Captioned web images
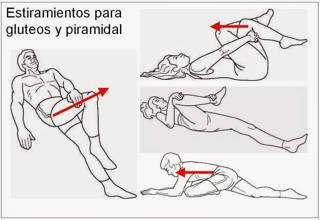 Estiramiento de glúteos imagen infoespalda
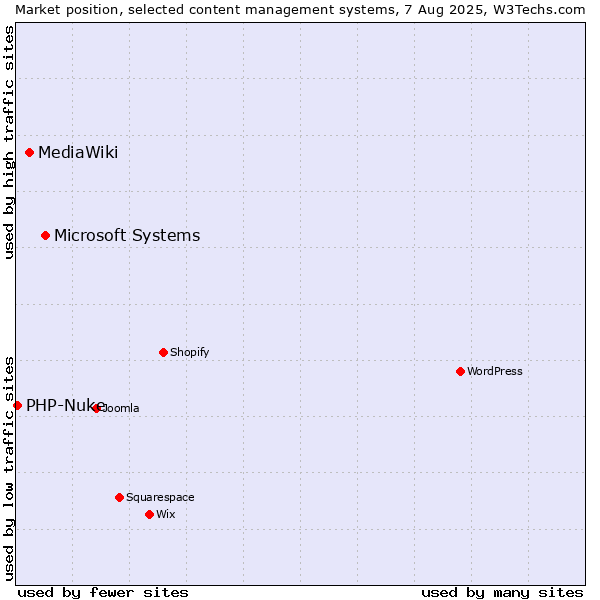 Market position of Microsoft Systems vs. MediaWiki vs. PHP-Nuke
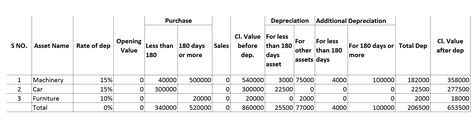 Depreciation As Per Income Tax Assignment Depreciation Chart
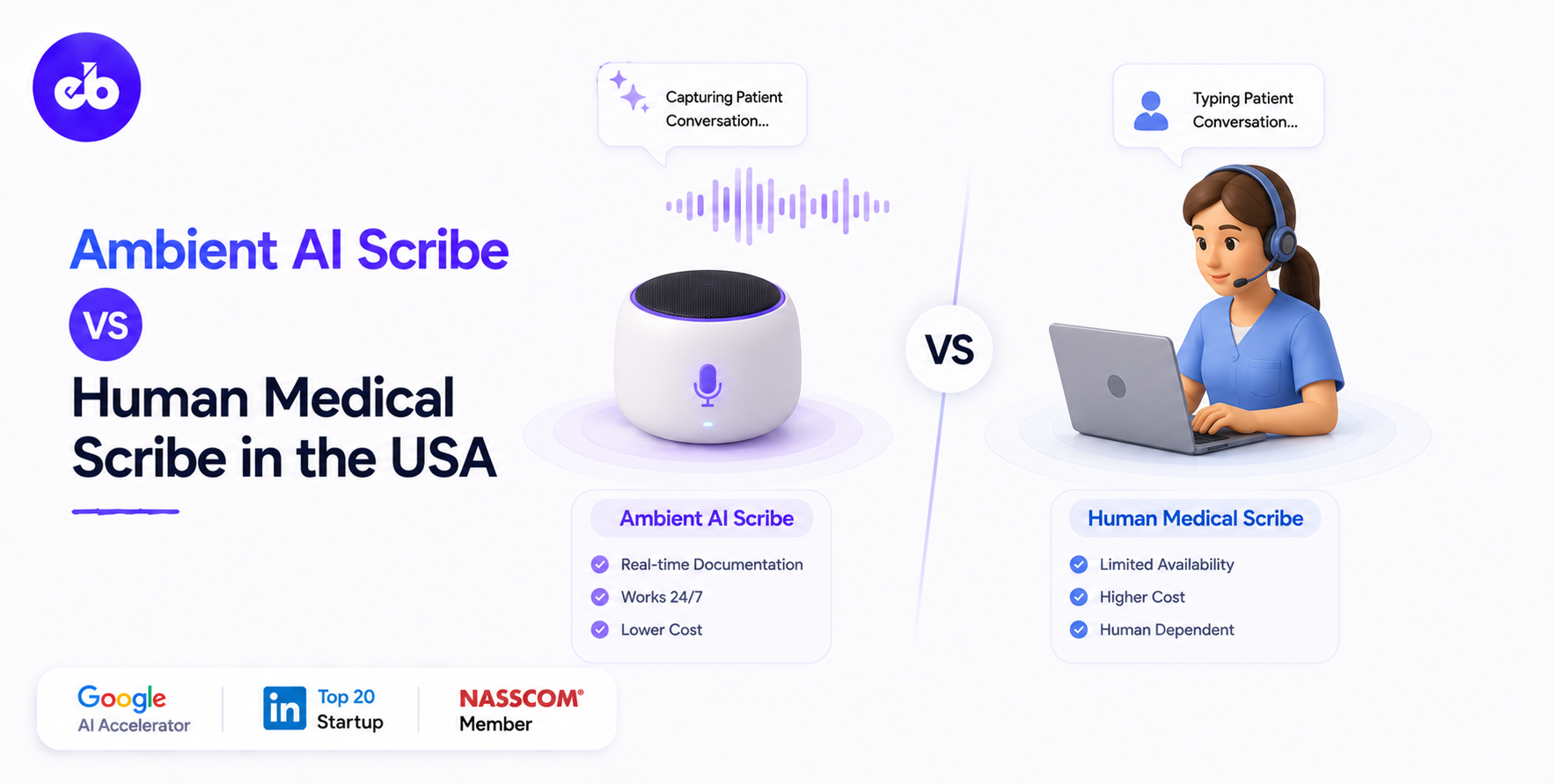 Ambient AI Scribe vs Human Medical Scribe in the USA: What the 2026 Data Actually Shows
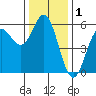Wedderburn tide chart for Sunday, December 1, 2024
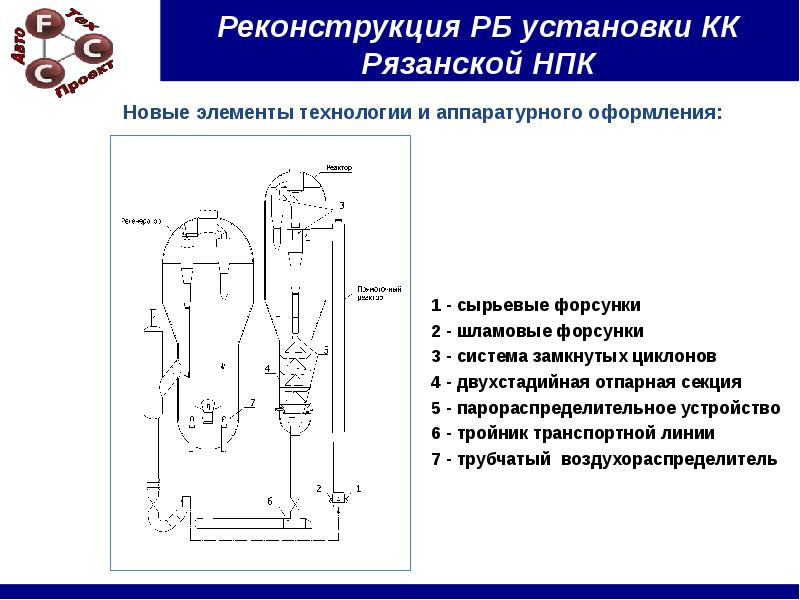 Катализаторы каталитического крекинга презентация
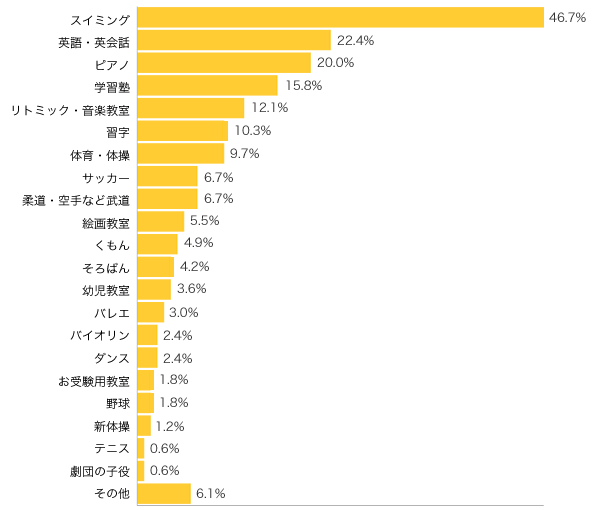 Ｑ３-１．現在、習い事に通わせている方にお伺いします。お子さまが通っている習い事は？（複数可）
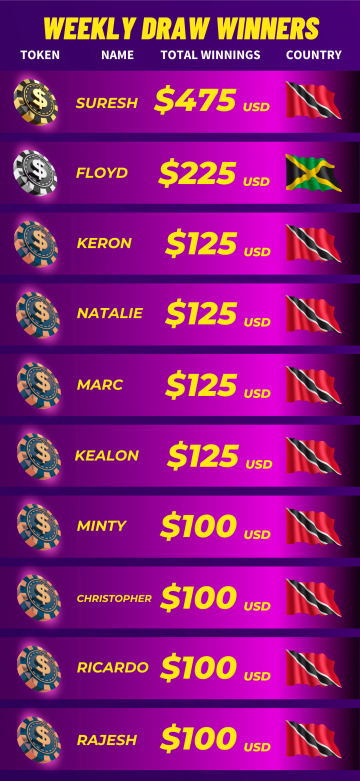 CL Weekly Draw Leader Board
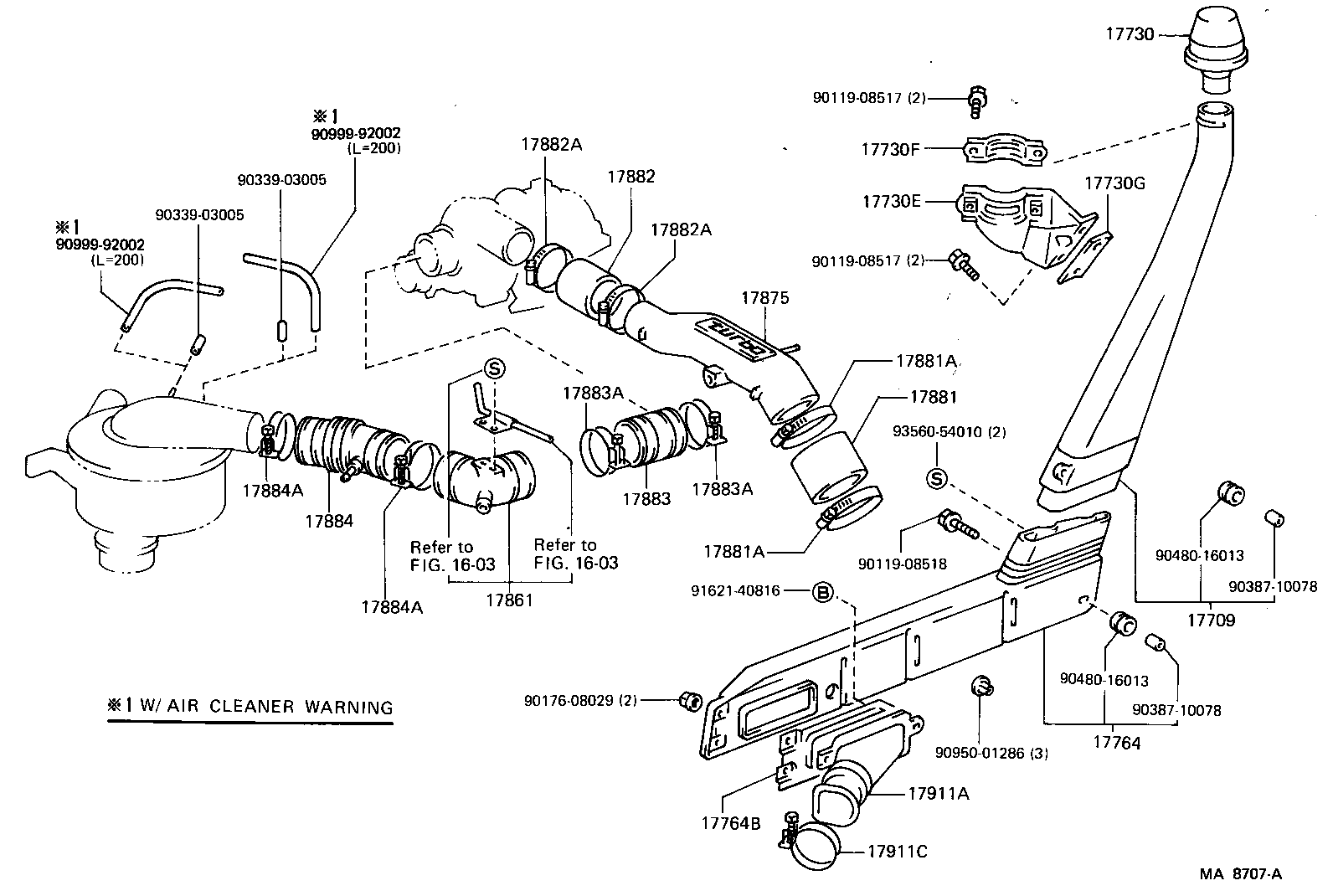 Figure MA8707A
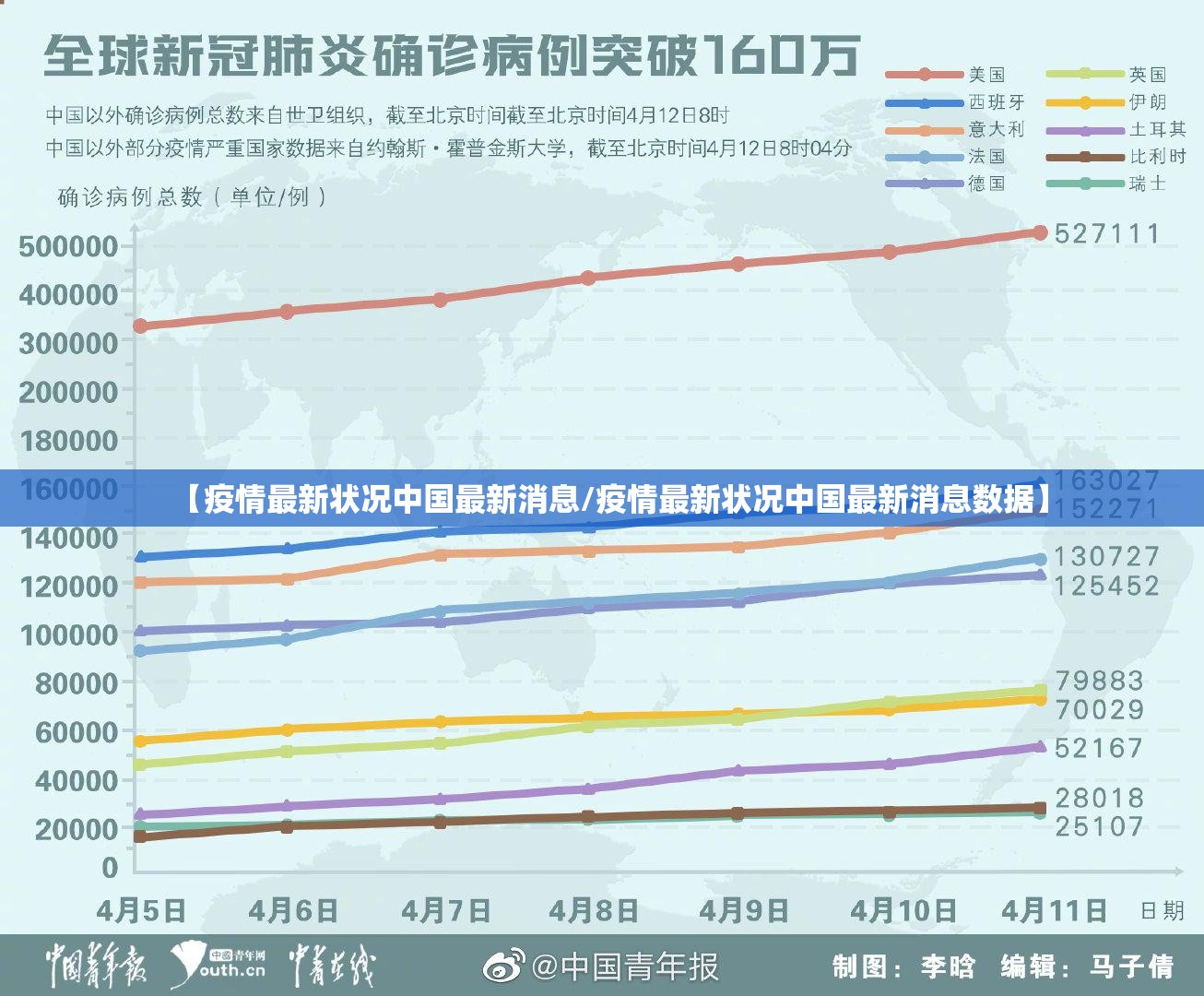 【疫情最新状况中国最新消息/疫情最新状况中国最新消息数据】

▸ Goal of the exercise: Without the pictures, repeat the entries above line by line, from the first through the one that contains "Wedderburn tide chart", both ends included.

▸ Exercise response:
 Estiramiento de glúteos imagen infoespalda
 Market position of Microsoft Systems vs. MediaWiki vs. PHP-Nuke
 Depreciation As Per Income Tax Assignment Depreciation Chart
 Ambient AI Scribe vs Human Medical Scribe in the USA: What the 2026 Data Actually Shows
Wedderburn tide chart for Sunday, December 1, 2024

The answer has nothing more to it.